TASK ITEM
Once the pictures have been set aside, copy every remaining entry exactly.
*** Opening of INPUT DATA ***
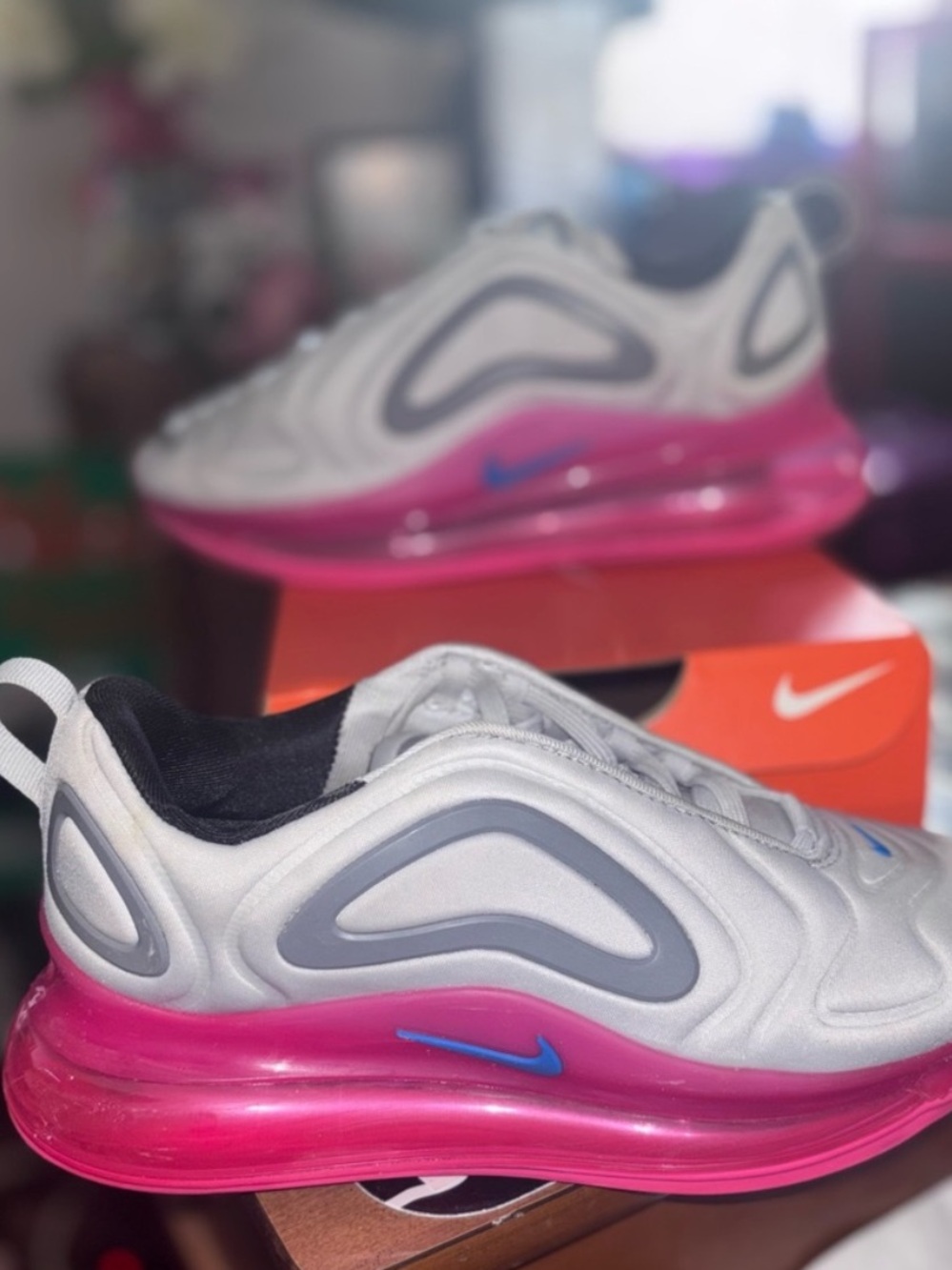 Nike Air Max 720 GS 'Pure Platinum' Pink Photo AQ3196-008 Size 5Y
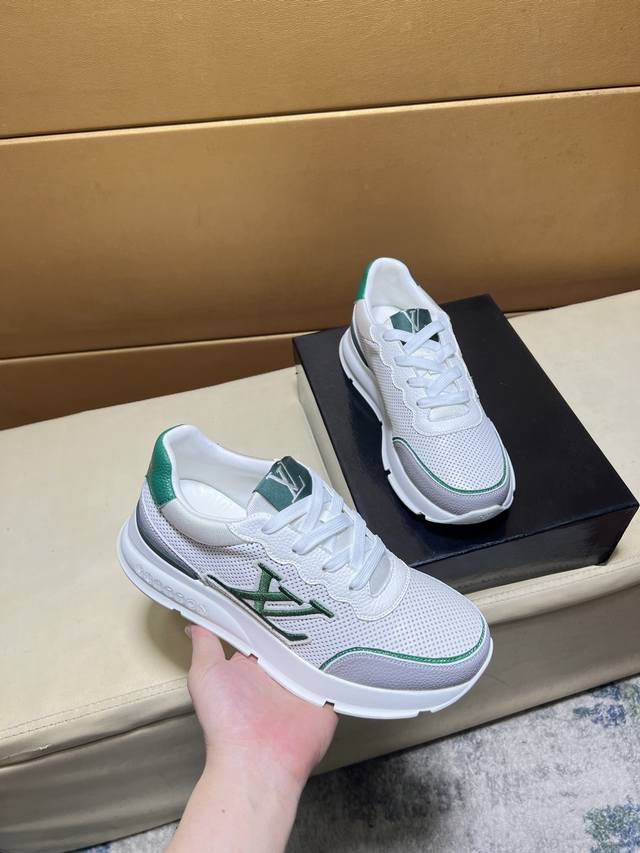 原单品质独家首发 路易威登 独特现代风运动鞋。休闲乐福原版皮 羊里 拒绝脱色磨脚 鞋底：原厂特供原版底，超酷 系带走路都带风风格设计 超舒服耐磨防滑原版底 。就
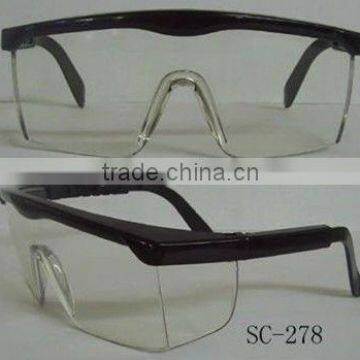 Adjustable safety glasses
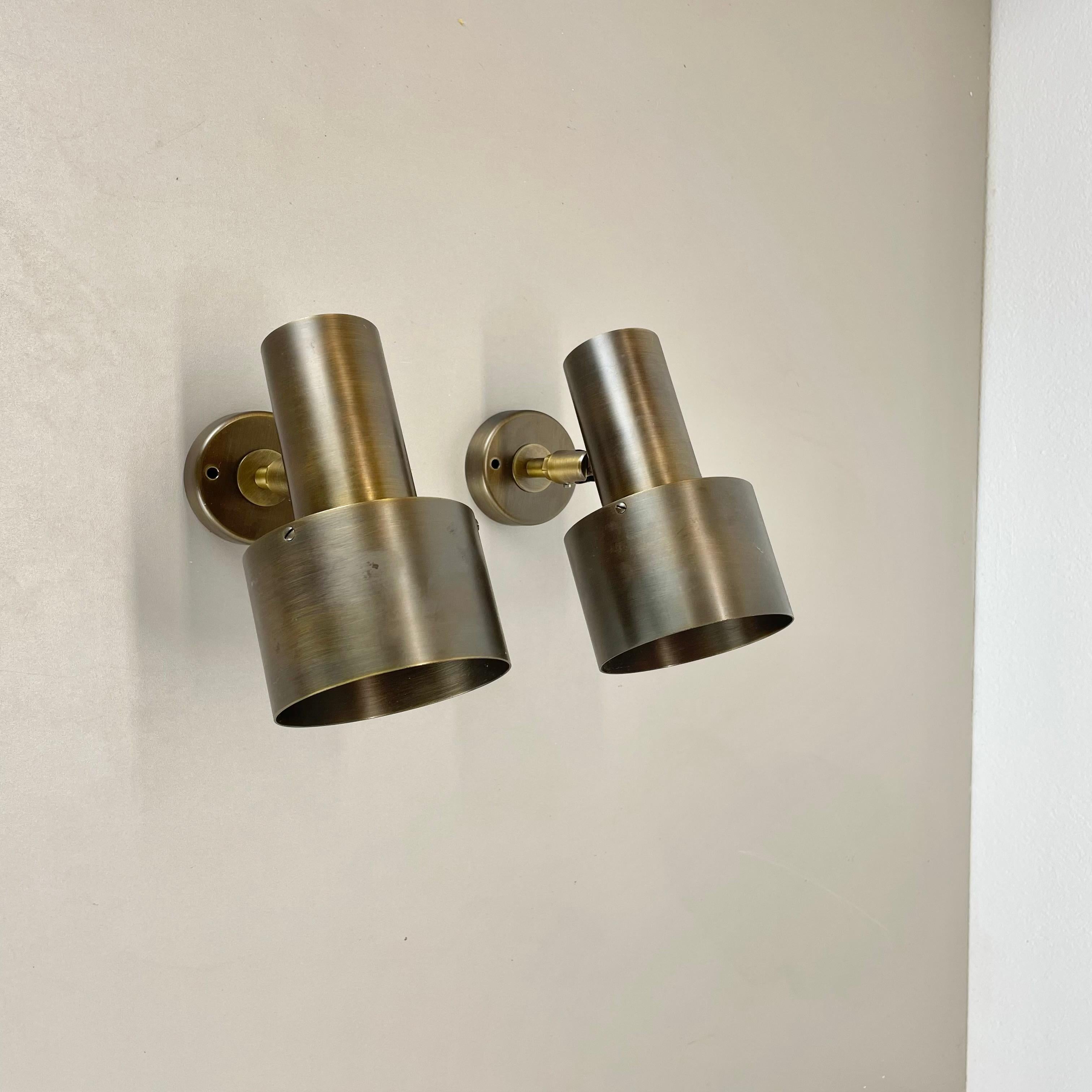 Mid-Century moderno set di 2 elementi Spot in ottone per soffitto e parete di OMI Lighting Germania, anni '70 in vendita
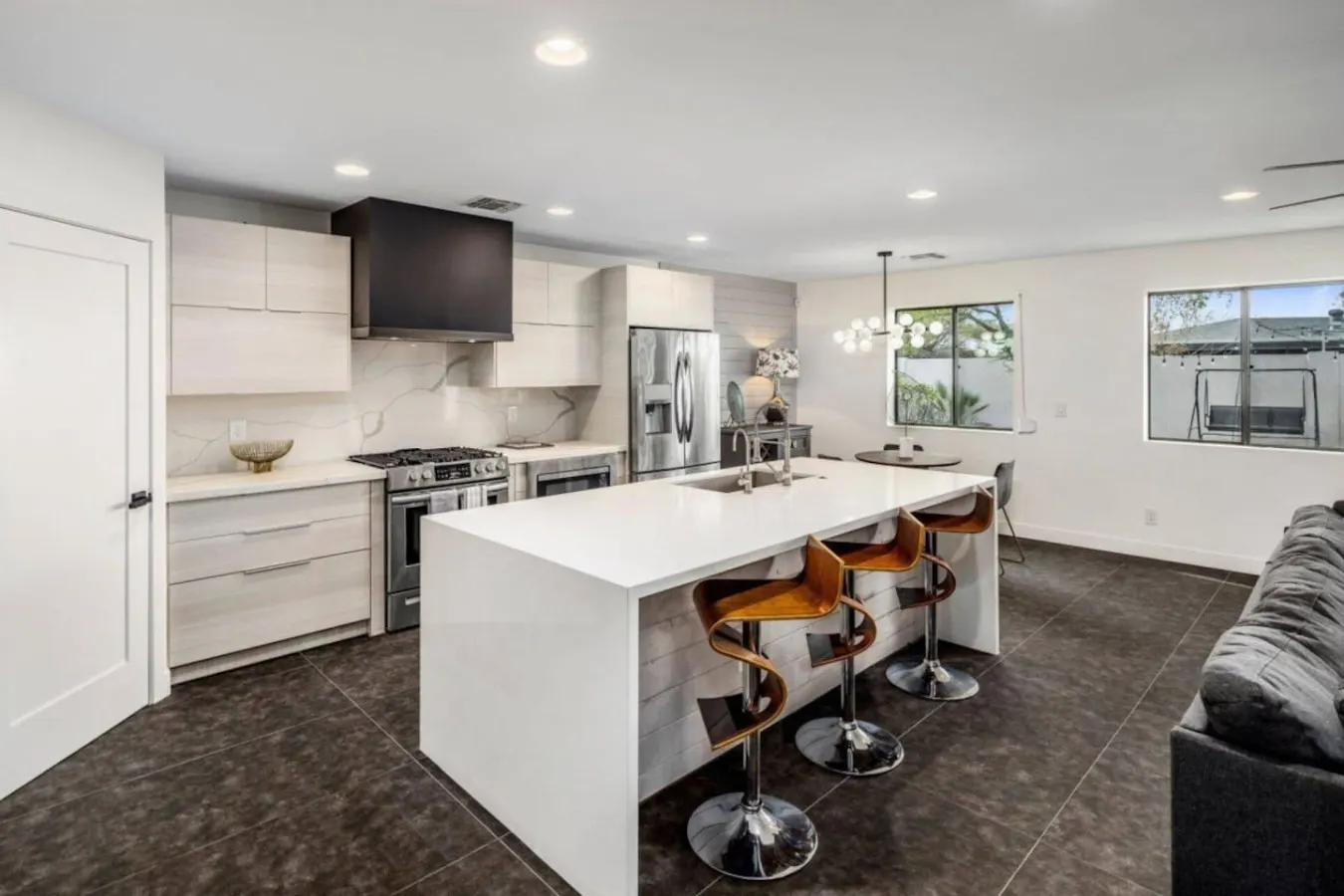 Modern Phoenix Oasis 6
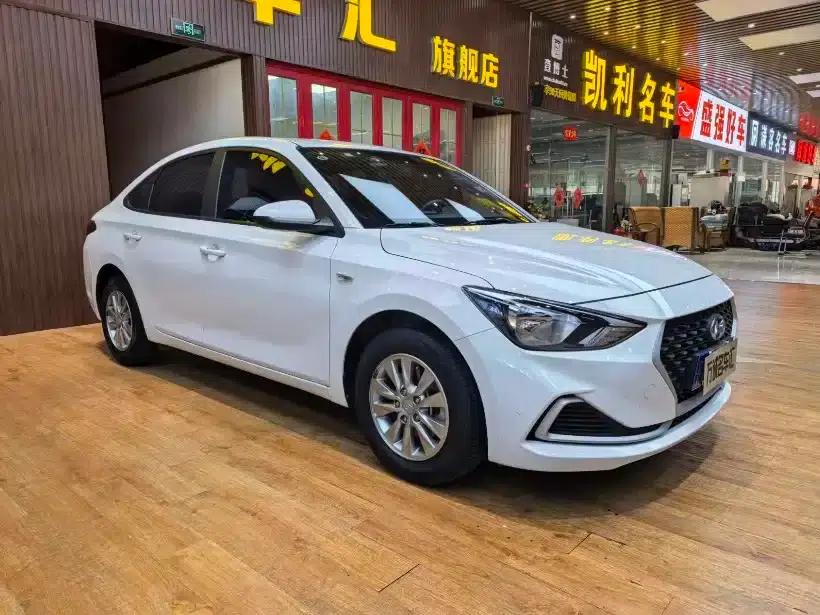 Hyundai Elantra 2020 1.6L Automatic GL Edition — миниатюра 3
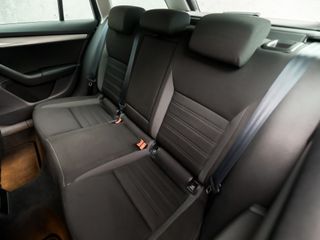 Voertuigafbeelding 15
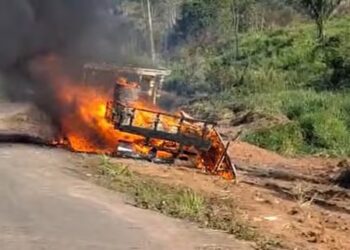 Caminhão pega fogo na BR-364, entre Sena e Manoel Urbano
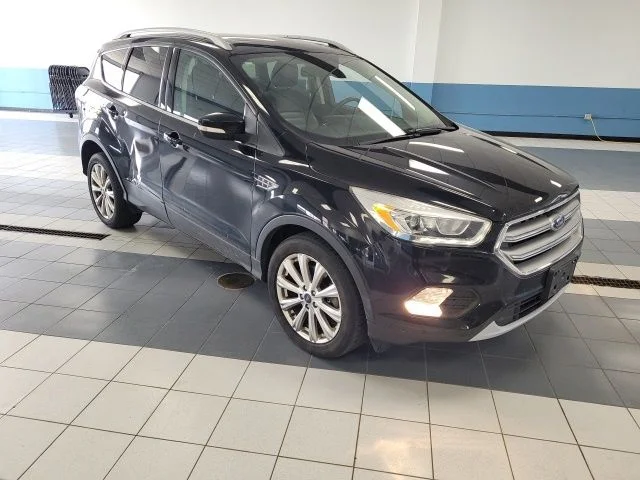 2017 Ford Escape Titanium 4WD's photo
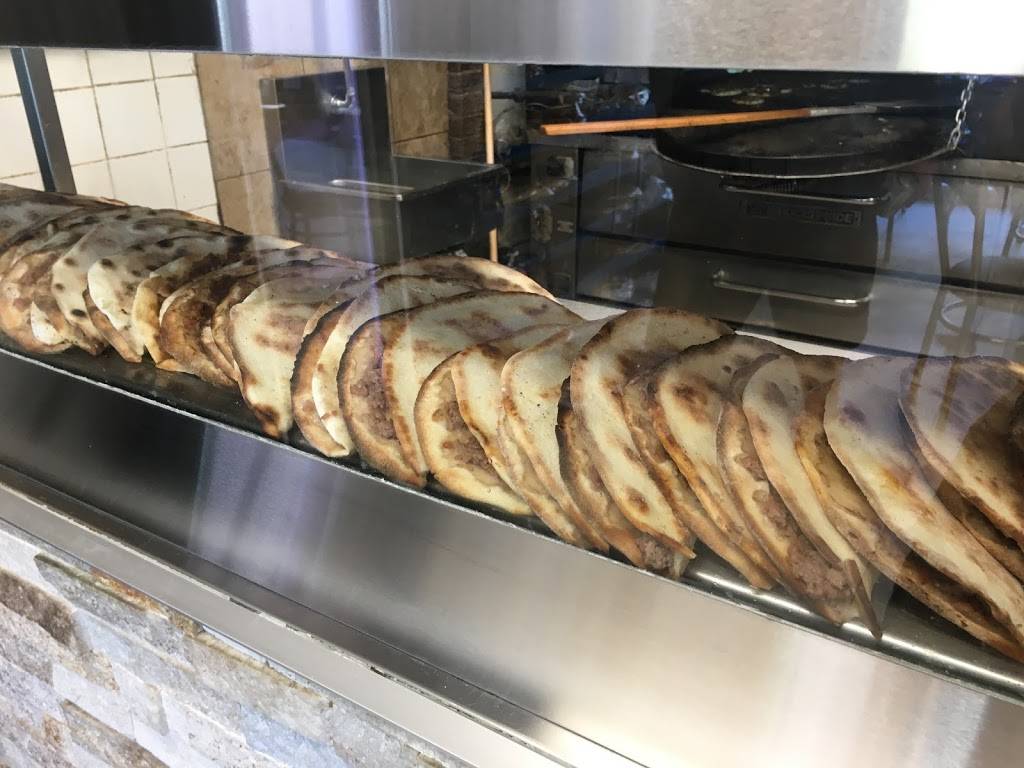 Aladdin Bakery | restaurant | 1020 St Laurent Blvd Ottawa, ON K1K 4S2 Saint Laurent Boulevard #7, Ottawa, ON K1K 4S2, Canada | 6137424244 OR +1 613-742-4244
*** Close of INPUT DATA ***
RESPONSE FOR THIS EXERCISE
 Nike Air Max 720 GS 'Pure Platinum' Pink Photo AQ3196-008 Size 5Y
 原单品质独家首发 路易威登 独特现代风运动鞋。休闲乐福原版皮 羊里 拒绝脱色磨脚 鞋底：原厂特供原版底，超酷 系带走路都带风风格设计 超舒服耐磨防滑原版底 。就
 Adjustable safety glasses
 Mid-Century moderno set di 2 elementi Spot in ottone per soffitto e parete di OMI Lighting Germania, anni '70 in vendita
 Modern Phoenix Oasis 6
 Hyundai Elantra 2020 1.6L Automatic GL Edition — миниатюра 3
 Voertuigafbeelding 15
 Caminhão pega fogo na BR-364, entre Sena e Manoel Urbano
 2017 Ford Escape Titanium 4WD's photo
 Aladdin Bakery | restaurant | 1020 St Laurent Blvd Ottawa, ON K1K 4S2 Saint Laurent Boulevard #7, Ottawa, ON K1K 4S2, Canada | 6137424244 OR +1 613-742-4244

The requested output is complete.